(Dataset items)
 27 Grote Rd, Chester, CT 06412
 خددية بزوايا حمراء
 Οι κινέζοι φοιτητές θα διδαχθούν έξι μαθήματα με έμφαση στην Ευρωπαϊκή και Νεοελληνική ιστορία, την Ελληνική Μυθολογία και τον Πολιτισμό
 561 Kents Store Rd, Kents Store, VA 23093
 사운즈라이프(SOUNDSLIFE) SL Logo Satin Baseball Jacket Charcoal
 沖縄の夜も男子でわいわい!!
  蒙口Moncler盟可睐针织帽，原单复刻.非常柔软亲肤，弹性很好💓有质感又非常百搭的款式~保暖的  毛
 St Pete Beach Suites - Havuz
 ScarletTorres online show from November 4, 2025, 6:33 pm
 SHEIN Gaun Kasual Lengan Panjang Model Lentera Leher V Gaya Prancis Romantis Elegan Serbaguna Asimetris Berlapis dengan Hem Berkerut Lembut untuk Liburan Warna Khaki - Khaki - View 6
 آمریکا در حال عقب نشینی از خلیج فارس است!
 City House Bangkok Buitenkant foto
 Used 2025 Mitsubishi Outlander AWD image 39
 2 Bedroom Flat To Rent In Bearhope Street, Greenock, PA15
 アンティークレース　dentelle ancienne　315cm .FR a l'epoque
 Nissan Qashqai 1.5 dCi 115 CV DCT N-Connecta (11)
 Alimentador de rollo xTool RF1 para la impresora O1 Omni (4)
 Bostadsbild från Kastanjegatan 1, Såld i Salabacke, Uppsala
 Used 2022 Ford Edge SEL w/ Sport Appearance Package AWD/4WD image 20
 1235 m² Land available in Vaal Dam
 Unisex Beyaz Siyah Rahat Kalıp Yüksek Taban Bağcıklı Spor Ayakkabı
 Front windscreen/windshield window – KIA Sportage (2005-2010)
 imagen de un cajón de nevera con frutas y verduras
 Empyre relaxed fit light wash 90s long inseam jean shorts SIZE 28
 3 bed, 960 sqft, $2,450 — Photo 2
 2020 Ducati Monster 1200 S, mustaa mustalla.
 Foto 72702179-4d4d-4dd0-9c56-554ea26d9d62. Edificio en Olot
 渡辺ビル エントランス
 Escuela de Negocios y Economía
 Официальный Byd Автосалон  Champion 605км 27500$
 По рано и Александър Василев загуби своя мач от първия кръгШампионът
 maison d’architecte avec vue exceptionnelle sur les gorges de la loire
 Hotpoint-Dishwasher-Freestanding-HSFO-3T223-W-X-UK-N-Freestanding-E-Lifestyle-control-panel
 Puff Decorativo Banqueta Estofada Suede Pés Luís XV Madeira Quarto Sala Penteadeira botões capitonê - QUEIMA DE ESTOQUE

▸ EXERCISE GOAL
Which lines hold the string "Used"? Copy all of them from the data above.

▸ TASK ANSWER
 Used 2025 Mitsubishi Outlander AWD image 39
 Used 2022 Ford Edge SEL w/ Sport Appearance Package AWD/4WD image 20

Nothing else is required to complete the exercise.